This is a toy classifier (not supposed to do well) based on compression. Specifically, nearness of data instances to a class are calculated by seeing how well the instances compress together with the training instances of that class.

Lets begin with a few basic imports:

from zclf import ZlibClassifier
from sklearn.model_selection import train_test_split
from sklearn.metrics import accuracy_score
from sklearn.datasets import load_digits

For working with any dataset, we need to have a mechanism for encoding each instance (the X values) in a string of bytes so that the compressor can pick it up.

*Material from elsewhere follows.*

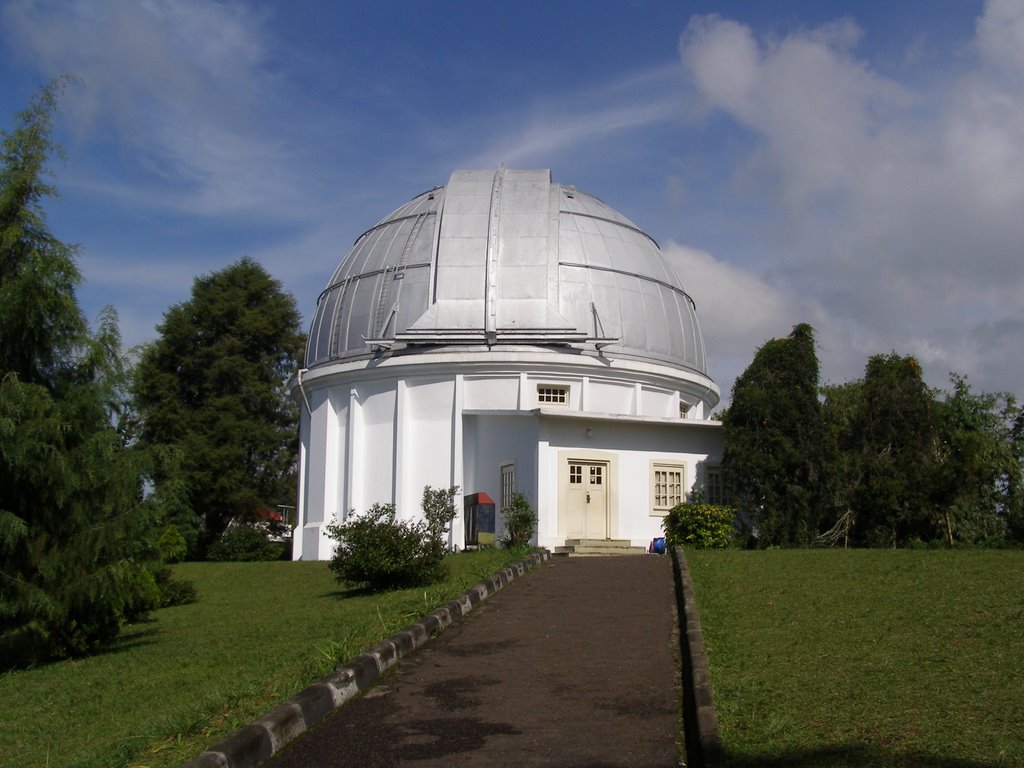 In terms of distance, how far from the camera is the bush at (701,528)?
21.3m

To make the classifier very black boxy, lets just encode each x using its string representation.

def encoder(x):
    return str(x).encode("utf-8")

Classification goes like this

X = load_digits()["data"]; y = load_digits()["target"]
X_train, X_test, y_train, y_test = train_test_split(X, y, test_size=0.33, random_state=1)

clf = ZlibClassifier(encoder)
accuracy_score(clf.fit(X_train, y_train).predict(X_test), y_test)
0.436026936027

The internal representation of each class is a concatenated string (bytes) of all the training instances belonging to that class. For a single instance, the input is a vector like:

X_train[0]
array([  0.,   0.,   0.,   0.,   5.,  15.,   8.,   0.,   0.,   0.,   0.,
         2.,  15.,  16.,   9.,   0.,   0.,   0.,   3.,  15.,  16.,  16.,
        10.,   0.,   0.,   7.,  16.,  10.,   8.,  16.,   7.,   0.,   0.,
         0.,   1.,   0.,   8.,  16.,   4.,   0.,   0.,   0.,   0.,   0.,
        11.,  16.,   1.,   0.,   0.,   0.,   0.,   0.,   9.,  16.,   1.,
         0.,   0.,   0.,   0.,   0.,   8.,  14.,   0.,   0.])

Its encoding (first 100 bytes) is:

encoder(X_train[0])[:100]
b'[  0.   0.   0.   0.   5.  15.   8.   0.   0.   0.   0.   2.  15.  16.   9.\n   0.   0.   0.   3.  15'

The compressed representation (first 20 bytes) looks something like

import zlib
zlib.compress(encoder(X_train[0]))[:20]
b'x\x9c\x8bVP0\xd0S\xc0 L\x81\x84!\x88P\xb0\xc0"\x0b'

Lets try changing the encoding to one which groups numbers

clf = ZlibClassifier(lambda x: str(x // 10).encode("utf-8"))
accuracy_score(clf.fit(X_train, y_train).predict(X_test), y_test)
0.638047138047

Neat. Lets now make the numbers look like a string of repetitions so that 4 is closer to 5.

clf = ZlibClassifier(lambda x: ".".join(["a" * int(i // 10) for i in x]).encode("utf-8"))
accuracy_score(clf.fit(X_train, y_train).predict(X_test), y_test)
0.338383838384

Doesn’t work that well.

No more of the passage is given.